Monday, May. 27, 1946
Extra for the Boss
Bertie McCormick no longer had to send someone to the door to pick up the morning's copy of his Chicago Tribune, "World's Greatest Newspaper." It came right into the living room of his Cantigny Farm in suburban Wheaton, Ill., through a gadget that brought him the Tribune in facsimile (TIME, April 29). Trib executives had instructions to radio the condensed version there three times a week before the Colonel sat down to breakfast (9 a.m.).

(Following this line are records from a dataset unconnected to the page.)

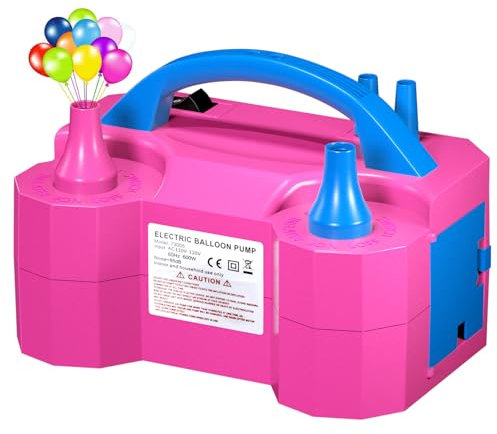 Balloon Pump, Electric Balloon Pump, Home Electric Balloon Pump, Portable Air Blower with Dual Nozzle, Air Pump for Decoration, Party and Save Time
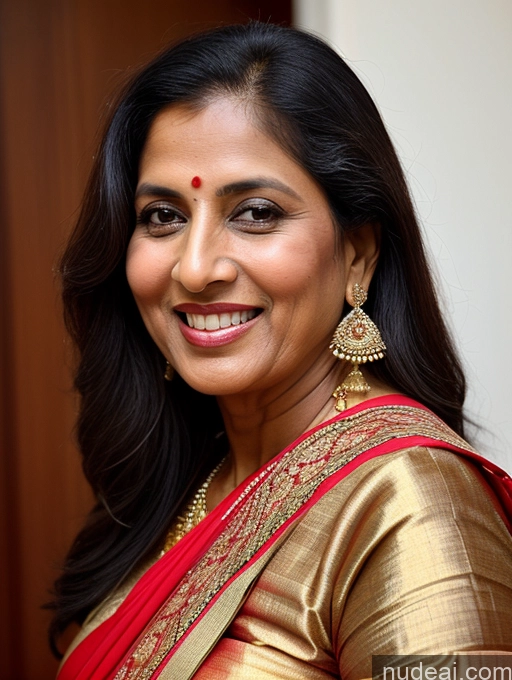 ai nude image of smiling woman in a red and gold sari with gold earrings pics of Milf Perfect Boobs 40s Happy Black Hair Long Hair Indian Front View Sari Traditional Tanned Skin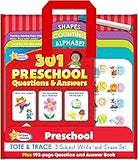 Active Minds - Preschool Tote & Trace 3 Subject Write-and-Erase Wipe Clean Set and 192 Page Question and Answer Workbook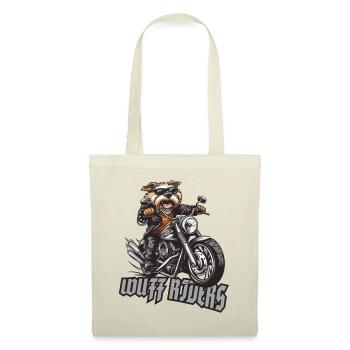 Wuff Riders: Motorradfahrender Rocker Biker Hund - Stoffbeutel - Natur - Vorne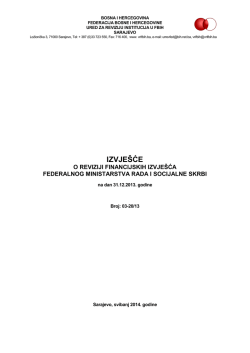 Federalno ministarstvo rada i socijalne skrbi za 2013.godinu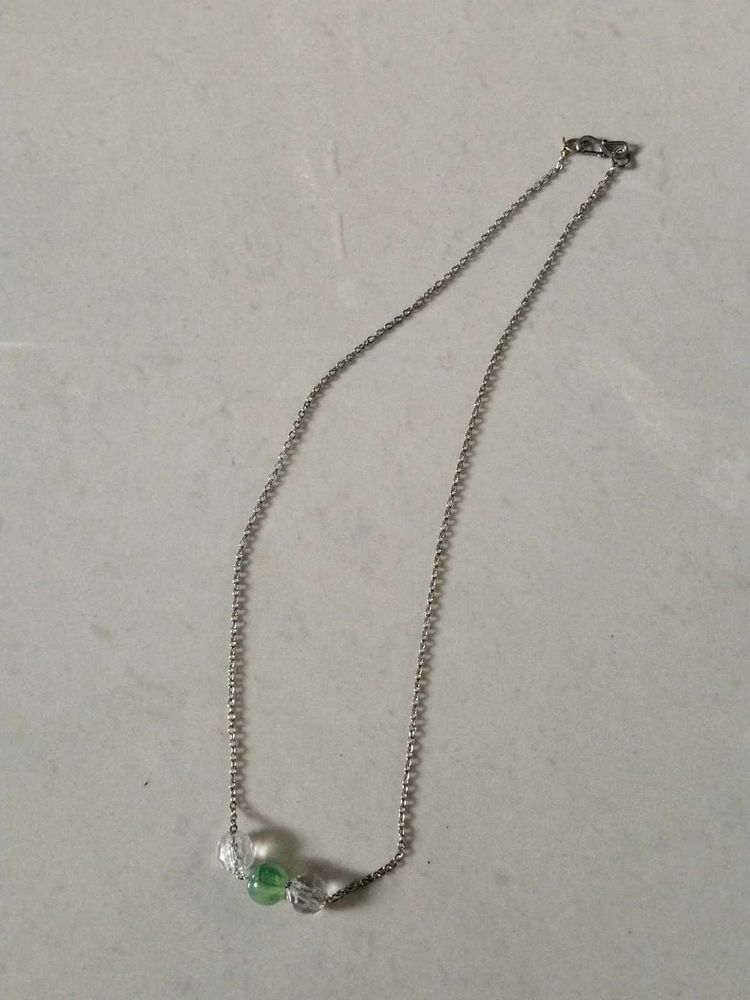Delicate Silver Necklace with Green Beads
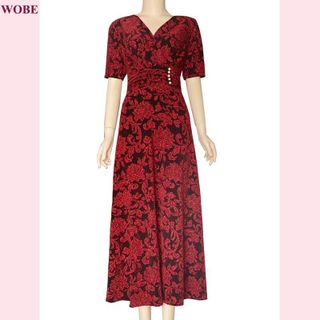 Đầm dạ hội trung niên dự tiệc sang trọng vải kim tuyến nhũ kim sa tặng mẹ co giãn bigsize 80kg DN04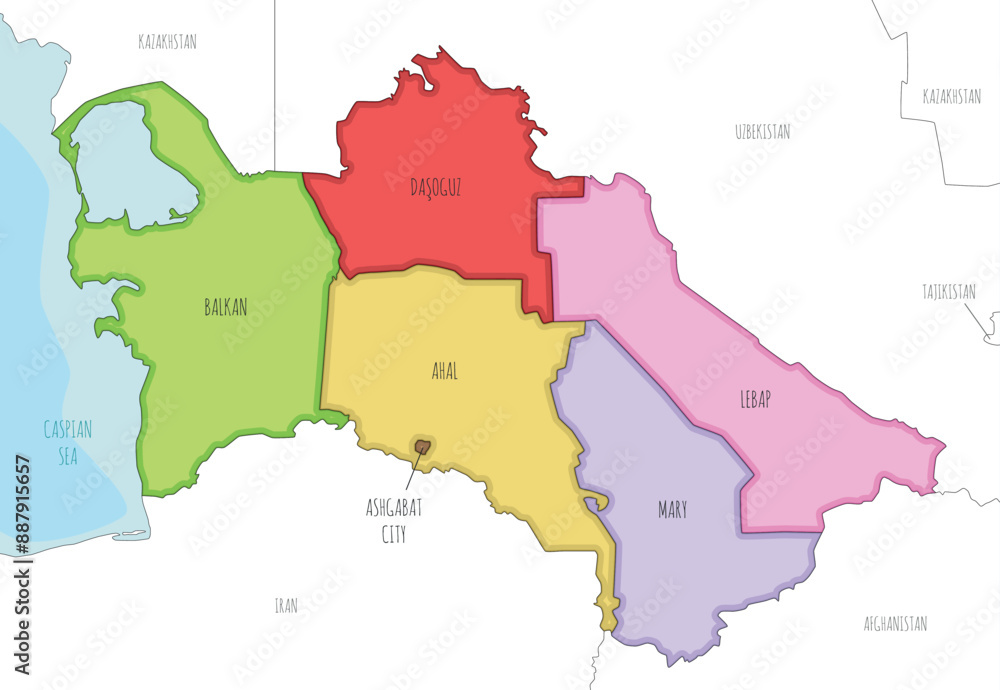 Obraz premium Vector illustrated regional map of Turkmenistan with provinces, capital city district and administrative divisions, and neighbouring countries and territories. Editable and clearly labeled layers.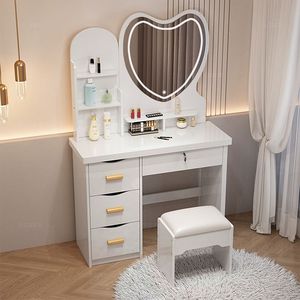 Cómoda Moderna de Madera de Roble Macizo con Espejo Iluminado LED, Almacenamiento, Ecológica y Duradera, Mueble para Dormitorio - Product Image 1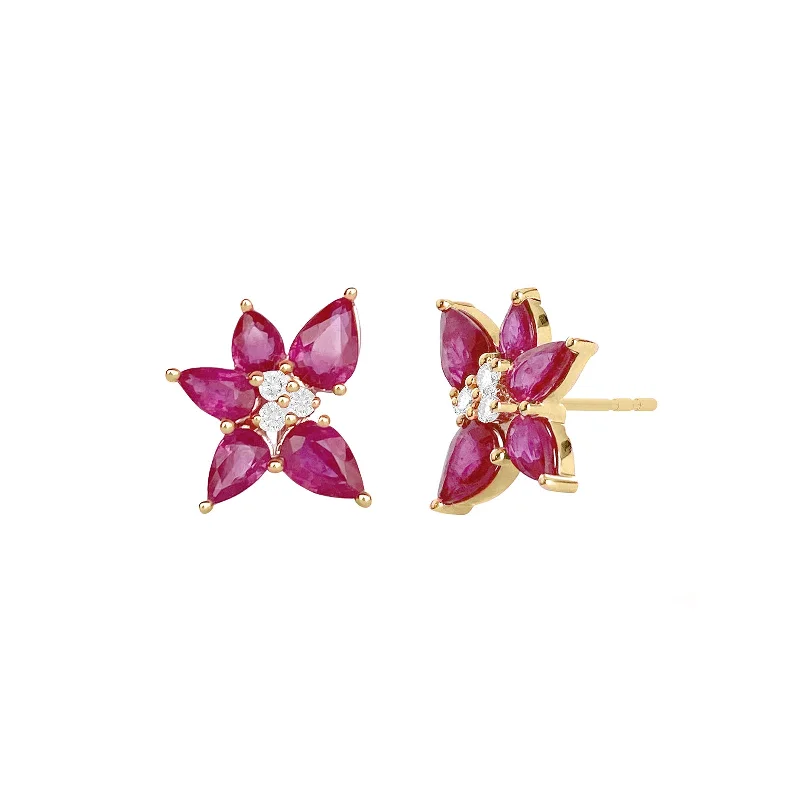 Trio Cluster Ruby Stud Earrings - Yellow Gold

News stories had to be specially reset, and cartoons redrawn with simpler lines, for the Colonel's one-copy edition. Just how much all this cost, no Tribman would say. It took 28 minutes to broadcast the first issue (four pages, about the size of a lady's handkerchief) 29 miles to the Colonel's home. The Colonel liked it so well that he ordered a new facsimile machine which will reproduce a page about three times as fast.
Said the Colonel: "Facsimile may prove too costly. The recorders cost more than $400 now and the paper used for the printing is expensive. We don't know who will use it. Perhaps frate* ships, with their small crews, would find it useful. The men could pass the copy around. It may be that it would be of service in fishing camps [and to] farmers.
"I do not know what facsimile is any more than I knew what radio was 20 years ago, but we are going to find out. . . . We can't resist these advances."
* Simplified spelling is also one of the Colonel's hobbies.